Savagely he growled in his deep throat. Scurlock disapproved of Batu Kawan and of all its works, especially of its women and its raw rice-whisky. The East grated on his taut nerves. Vague singing in huts and the twangle of musically discordant strings set his teeth on edge. He hated the smells of the place, all seemingly compounded of curry and spices and mud and smoke of wood fires, through which the perfumes of strange fruits and heavy flowers drifted insistently.
The voices of mothers calling their naked little ones within their doors, lest Mambang Kuning, the yellow devil who dwells in the dusk, should snatch them, jarred upon his evil temper. So, too, the monotonous tunk-tunk-tunk of metal-workers’ hammers in some unseen place; the snuffling grunt of carabaos wallowing in the mud-swale beyond the guava clump, up-stream; the nasal chatter of gharry-drivers and Kling boatmen; the whining sing-song of Malay pedlers with shouldered poles, whence swung baskets of sugar-cane and mangosteens. Scurlock abominated all that shuffling, chattering tangle of dark, half-clad life. The gorge of his trim, efficient, New England soul rose up against it, in hot scorn.

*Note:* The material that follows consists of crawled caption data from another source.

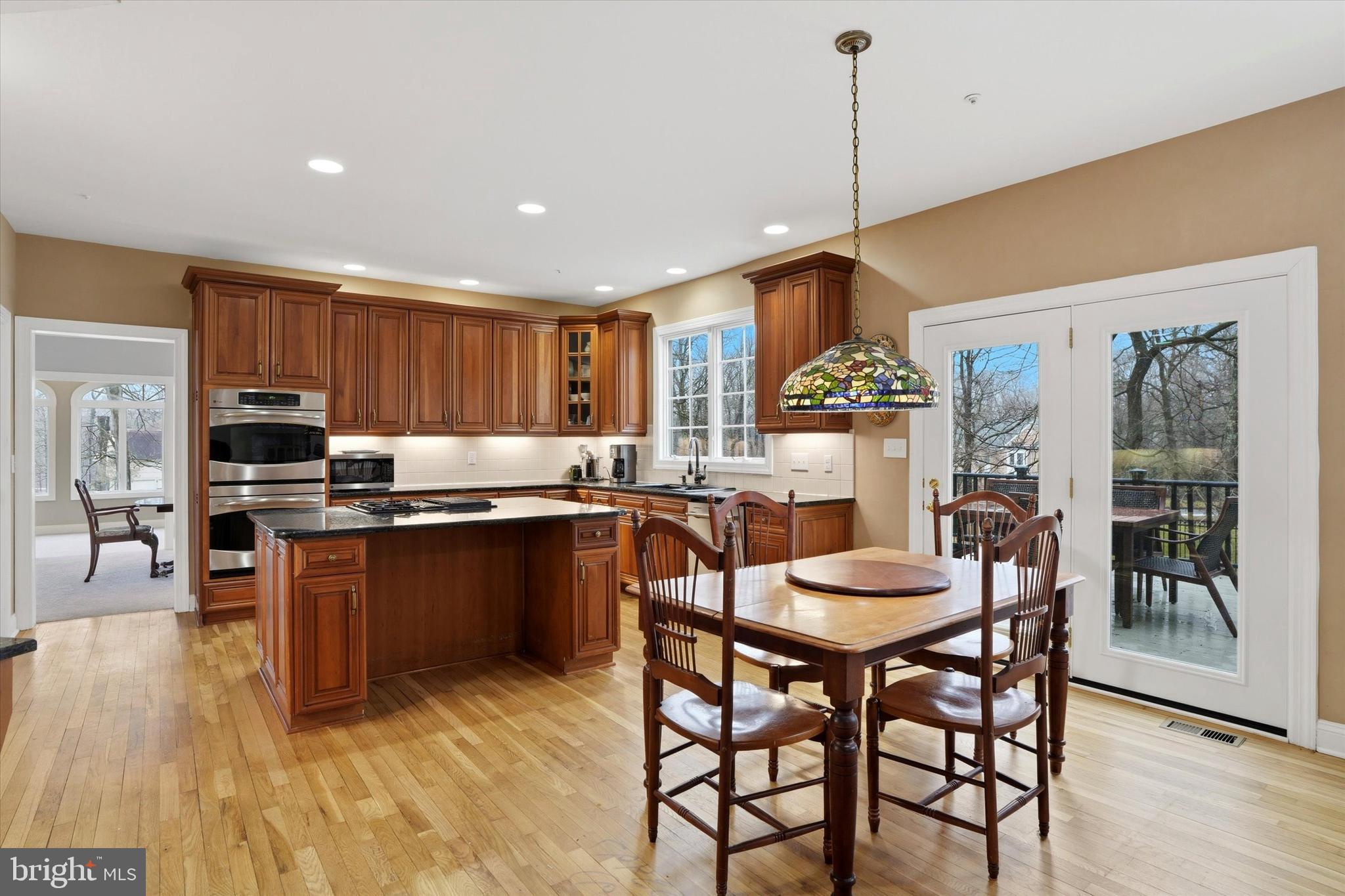 JERICHO VALLEY - Residential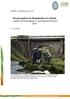 Moseprosjektet på Haugalandet m/ omland rapport frå kartlegging av mosefloraen hausten 2015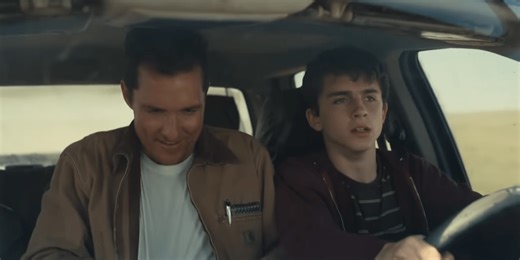 Interstellar Turd Prank Left Timothée Chalamet Feeling Disrespected | Den of Geek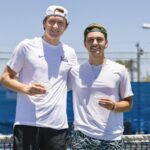 Spencer Johnson and Trevor Svajda, SoCal Pro Series Lakewood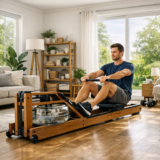 Rameur à eau ou magnétique : quel rameur choisir pour la maison en 2026 ?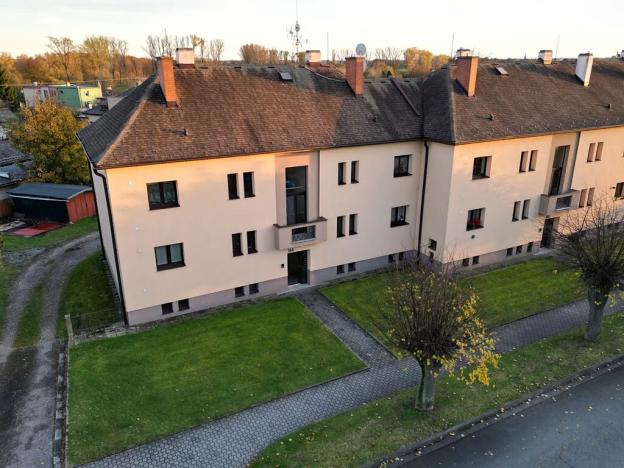 Prodej bytu 2+1, Černožice, Gen. Svobody, 66 m2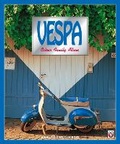 Cover: Vespa Colour Family Album - Veloce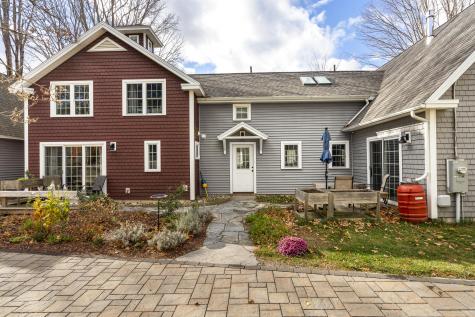 9 Potter Street Brunswick ME 04011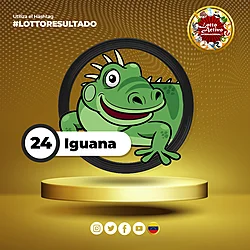 IGUANA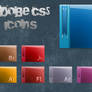 Adobe CS5 Icons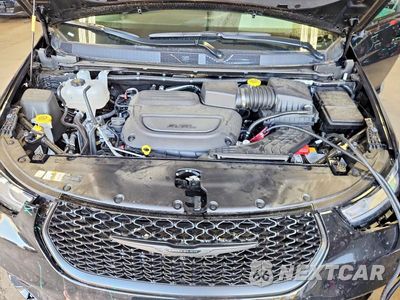 Zdjęcie 12 z 14 samochodu: 2026 CHRYSLER PACIFICA SELECT VIN:2C4RC1BG0TR280477 - miniatura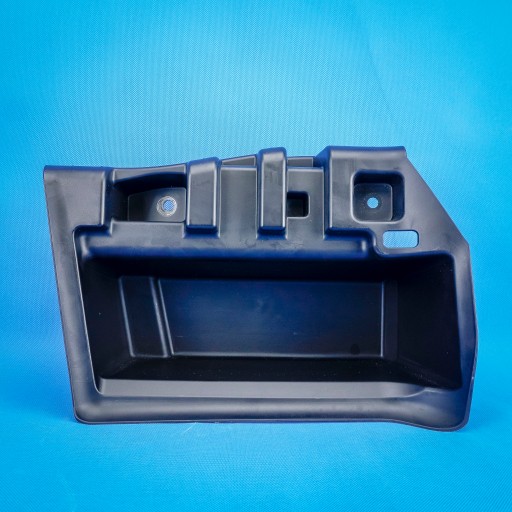passenger compartment plato boot right BMW 5 G30 51479871616 9871616 59km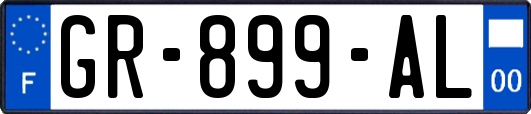 GR-899-AL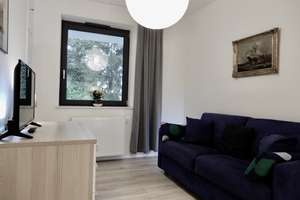 Neu renoviertes voll möbliertes Reiheneckhaus in München Obermenzing – 81247 Obermenzing, München – Vorschaubild 18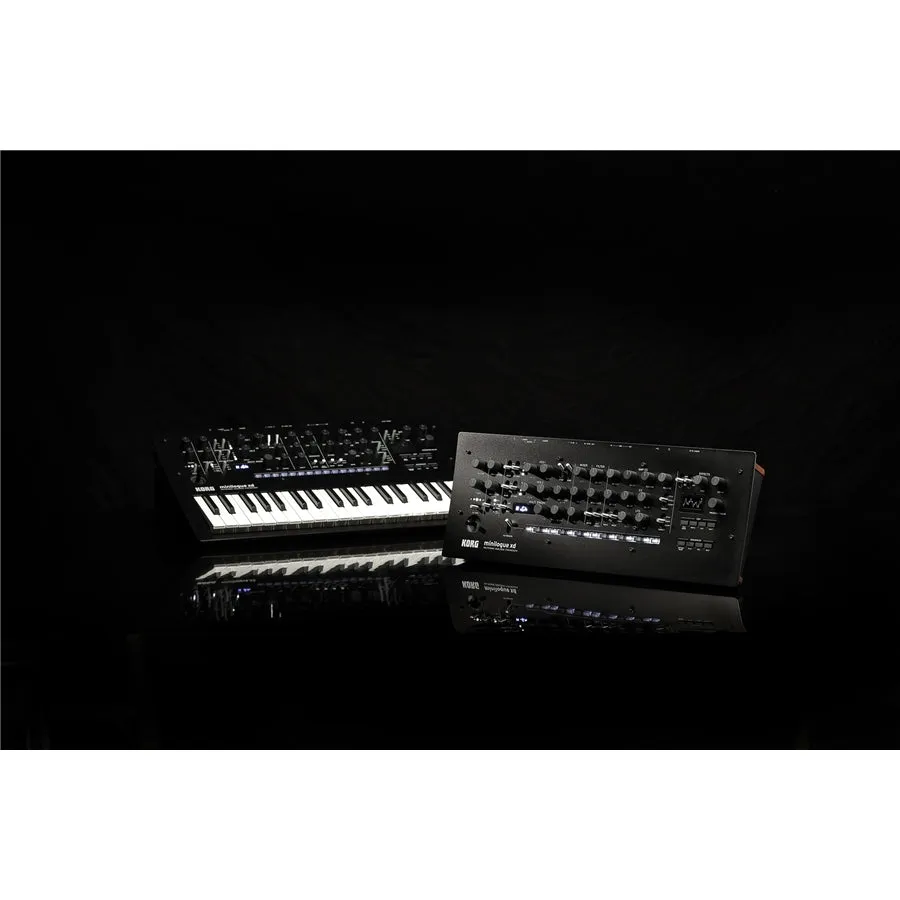 minilogue xd module - Sintetizzatore Analogico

“Damn the Straits!” he grumbled, passing his hand over his forehead, sweaty in the breathless heat. “An’ damn Briggs, too! It’s my last voyage East, by joycus!”
Which was, indeed, the living truth, though by no means as Scurlock meant or understood it.
A plaintive hail from the rough brick coping of the bund drew his atrabilious attention. The mate saw that a brown, beardless fellow was making gestures at him. A lantern on the quarterdeck flung unsteady rays upon the Malay’s nakedness, complete save for the breech-clout through which a kris was thrust. In his left hand he gripped a loose-woven coir bag, heavily full. His left held out, on open palm, three or four shining globules. Scurlock viewed with resentment the lean, grinning face, lips reddened and teeth jet-black by reason of long years of chewing lime and betel.
“Turtle egg, sar, sellum piecee cheap,” crooned the Malay. “Buyum turtle egg, sar?”
Scurlock’s answer was to bend, reach for a piece of holystone in a bucket by the rail, and catapult it at the vagabond who had made so bold as to interrupt his musings. The Malay swung aside; the holystone crunched into the sack of eggs and slid to earth.
The screaming curse of the barbarian hardly crossed the rail ahead of the flung kris. The wavy, poisoned blade flickered, spinning. Scurlock stooped away; the fraction of an eyewink later would have done his life’s business very neatly. Into the mizzen-mast drove the kris, and quivered there.
Scurlock turned, strode to it and plucked it out, swearing in his rage. The Malays at fan-tan by the gleam of the slush-light under the awning grew silent. Their fantastic little cards, of gaudy hue, dropped unheeded; for they had heard the name of Ratna Mutnu Manikam, god who brings death. Wherefore they shuddered, and turned scared faces aft; and some touched heart and forehead, warding off the curse.
Back to the rail, kris in hand, ran Scurlock.